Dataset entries
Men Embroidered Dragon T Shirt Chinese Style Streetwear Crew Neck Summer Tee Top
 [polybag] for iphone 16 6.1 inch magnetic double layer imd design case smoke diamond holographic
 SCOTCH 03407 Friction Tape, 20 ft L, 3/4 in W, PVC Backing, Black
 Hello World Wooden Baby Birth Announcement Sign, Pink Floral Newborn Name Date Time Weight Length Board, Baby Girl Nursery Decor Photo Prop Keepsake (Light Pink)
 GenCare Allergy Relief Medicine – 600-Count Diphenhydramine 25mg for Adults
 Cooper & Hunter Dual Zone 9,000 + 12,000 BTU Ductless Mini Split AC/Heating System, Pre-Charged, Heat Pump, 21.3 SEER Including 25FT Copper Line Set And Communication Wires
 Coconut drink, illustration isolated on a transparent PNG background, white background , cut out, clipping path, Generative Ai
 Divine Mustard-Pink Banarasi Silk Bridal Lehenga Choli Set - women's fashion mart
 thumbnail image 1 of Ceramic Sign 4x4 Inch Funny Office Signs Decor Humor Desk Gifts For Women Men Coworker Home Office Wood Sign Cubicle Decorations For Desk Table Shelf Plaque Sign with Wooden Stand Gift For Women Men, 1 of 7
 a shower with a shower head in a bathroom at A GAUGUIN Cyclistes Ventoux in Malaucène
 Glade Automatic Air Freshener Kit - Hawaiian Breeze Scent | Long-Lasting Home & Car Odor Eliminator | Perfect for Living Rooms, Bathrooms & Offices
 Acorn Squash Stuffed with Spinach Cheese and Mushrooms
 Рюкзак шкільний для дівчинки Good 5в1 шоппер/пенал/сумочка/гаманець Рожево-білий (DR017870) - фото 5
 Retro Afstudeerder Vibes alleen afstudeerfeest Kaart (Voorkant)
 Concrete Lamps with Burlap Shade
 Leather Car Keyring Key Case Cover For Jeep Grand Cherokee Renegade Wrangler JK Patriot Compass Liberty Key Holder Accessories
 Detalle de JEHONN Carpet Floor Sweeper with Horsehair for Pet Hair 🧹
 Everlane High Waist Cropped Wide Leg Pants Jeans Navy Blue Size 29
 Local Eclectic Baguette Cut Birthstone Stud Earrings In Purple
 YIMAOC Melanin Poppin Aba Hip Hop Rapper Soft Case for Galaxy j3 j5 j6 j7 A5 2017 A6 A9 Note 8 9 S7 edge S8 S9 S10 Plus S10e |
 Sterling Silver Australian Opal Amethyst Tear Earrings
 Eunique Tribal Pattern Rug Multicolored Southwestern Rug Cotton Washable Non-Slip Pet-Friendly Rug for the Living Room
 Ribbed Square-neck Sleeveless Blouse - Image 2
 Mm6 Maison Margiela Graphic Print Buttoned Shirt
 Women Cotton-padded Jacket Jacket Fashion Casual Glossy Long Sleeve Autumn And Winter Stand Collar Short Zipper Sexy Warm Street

Exercise: Each line of the data must be copied exactly as it appears.

Reply to the exercise:
Men Embroidered Dragon T Shirt Chinese Style Streetwear Crew Neck Summer Tee Top
 [polybag] for iphone 16 6.1 inch magnetic double layer imd design case smoke diamond holographic
 SCOTCH 03407 Friction Tape, 20 ft L, 3/4 in W, PVC Backing, Black
 Hello World Wooden Baby Birth Announcement Sign, Pink Floral Newborn Name Date Time Weight Length Board, Baby Girl Nursery Decor Photo Prop Keepsake (Light Pink)
 GenCare Allergy Relief Medicine – 600-Count Diphenhydramine 25mg for Adults
 Cooper & Hunter Dual Zone 9,000 + 12,000 BTU Ductless Mini Split AC/Heating System, Pre-Charged, Heat Pump, 21.3 SEER Including 25FT Copper Line Set And Communication Wires
 Coconut drink, illustration isolated on a transparent PNG background, white background , cut out, clipping path, Generative Ai
 Divine Mustard-Pink Banarasi Silk Bridal Lehenga Choli Set - women's fashion mart
 thumbnail image 1 of Ceramic Sign 4x4 Inch Funny Office Signs Decor Humor Desk Gifts For Women Men Coworker Home Office Wood Sign Cubicle Decorations For Desk Table Shelf Plaque Sign with Wooden Stand Gift For Women Men, 1 of 7
 a shower with a shower head in a bathroom at A GAUGUIN Cyclistes Ventoux in Malaucène
 Glade Automatic Air Freshener Kit - Hawaiian Breeze Scent | Long-Lasting Home & Car Odor Eliminator | Perfect for Living Rooms, Bathrooms & Offices
 Acorn Squash Stuffed with Spinach Cheese and Mushrooms
 Рюкзак шкільний для дівчинки Good 5в1 шоппер/пенал/сумочка/гаманець Рожево-білий (DR017870) - фото 5
 Retro Afstudeerder Vibes alleen afstudeerfeest Kaart (Voorkant)
 Concrete Lamps with Burlap Shade
 Leather Car Keyring Key Case Cover For Jeep Grand Cherokee Renegade Wrangler JK Patriot Compass Liberty Key Holder Accessories
 Detalle de JEHONN Carpet Floor Sweeper with Horsehair for Pet Hair 🧹
 Everlane High Waist Cropped Wide Leg Pants Jeans Navy Blue Size 29
 Local Eclectic Baguette Cut Birthstone Stud Earrings In Purple
 YIMAOC Melanin Poppin Aba Hip Hop Rapper Soft Case for Galaxy j3 j5 j6 j7 A5 2017 A6 A9 Note 8 9 S7 edge S8 S9 S10 Plus S10e |
 Sterling Silver Australian Opal Amethyst Tear Earrings
 Eunique Tribal Pattern Rug Multicolored Southwestern Rug Cotton Washable Non-Slip Pet-Friendly Rug for the Living Room
 Ribbed Square-neck Sleeveless Blouse - Image 2
 Mm6 Maison Margiela Graphic Print Buttoned Shirt
 Women Cotton-padded Jacket Jacket Fashion Casual Glossy Long Sleeve Autumn And Winter Stand Collar Short Zipper Sexy Warm Street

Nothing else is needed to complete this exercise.